Captioned web image data
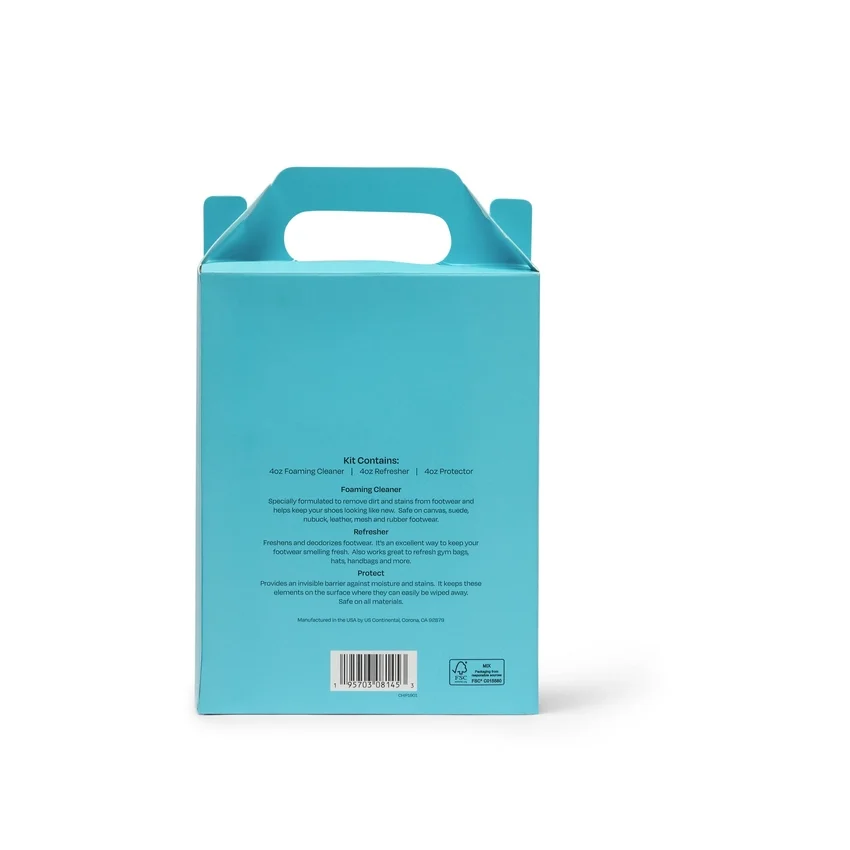 Kit per la cura delle scarpe TOMS unisex Kit per la cura delle scarpe TOMS unisex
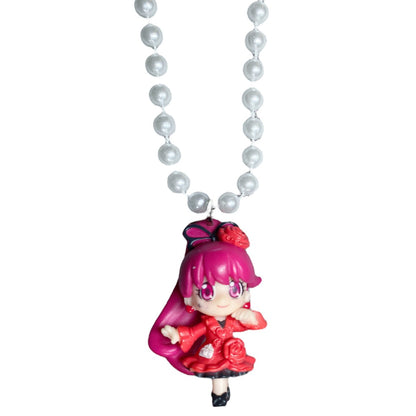 2000s 2010s Precure Anime Magical Girl Necklace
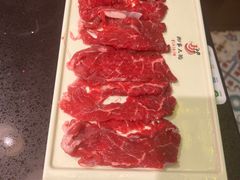 -袍家大院重庆火锅(文安路店)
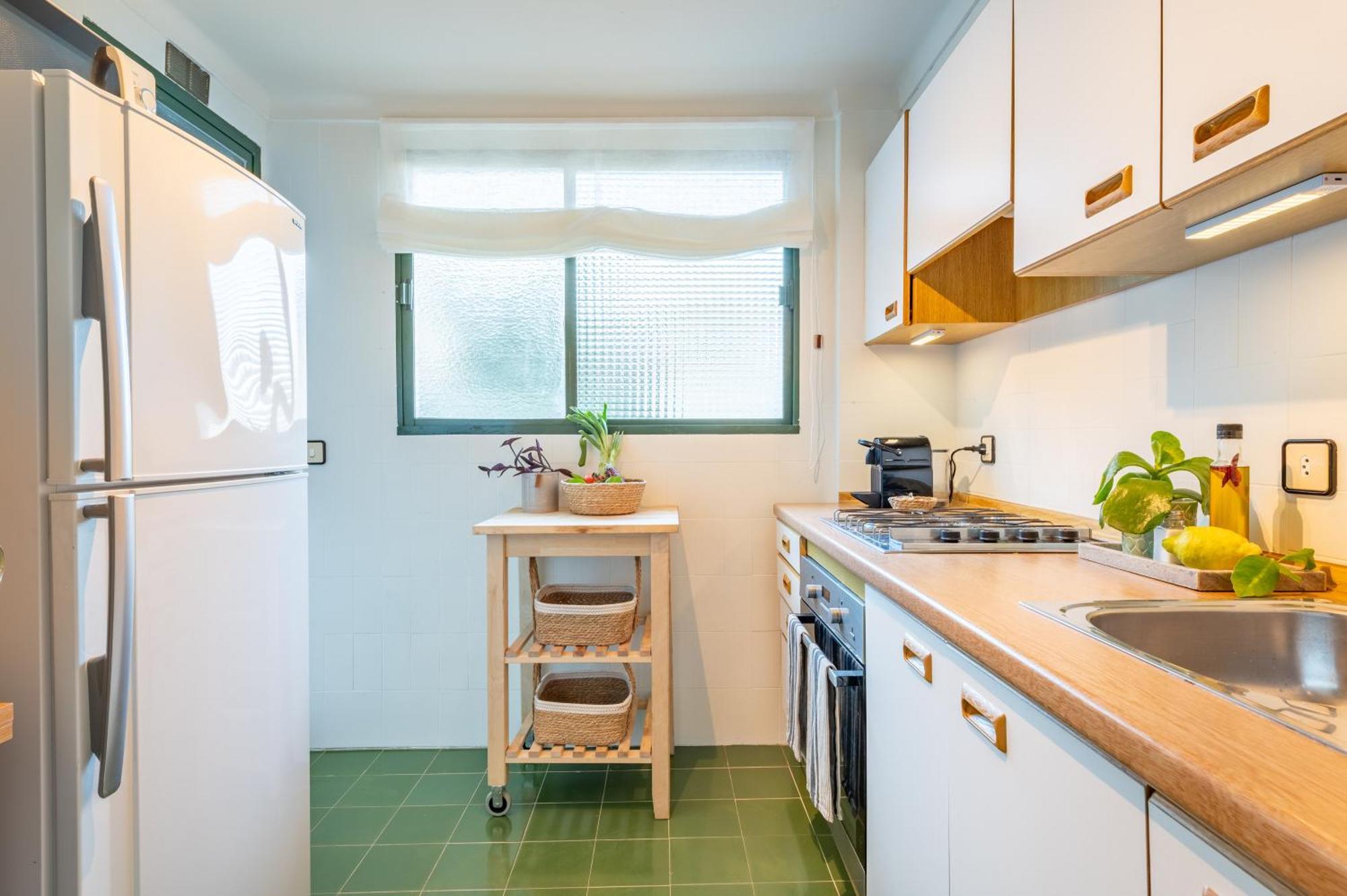 Marsella Apartment ปอร์ต เด โซลแยร์ ภายนอก รูปภาพ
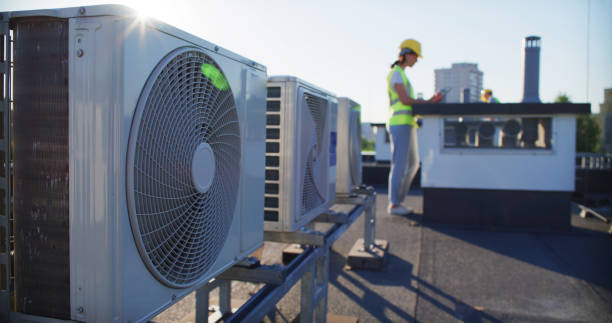 Best Residential Air Duct Cleaning  in Hershey, PA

**What you have to do**
Each record above goes into the copy unchanged; the pictures do not.

**Result of the exercise**
 Kit per la cura delle scarpe TOMS unisex Kit per la cura delle scarpe TOMS unisex
 2000s 2010s Precure Anime Magical Girl Necklace
 -袍家大院重庆火锅(文安路店)
 Marsella Apartment ปอร์ต เด โซลแยร์ ภายนอก รูปภาพ
 Best Residential Air Duct Cleaning  in Hershey, PA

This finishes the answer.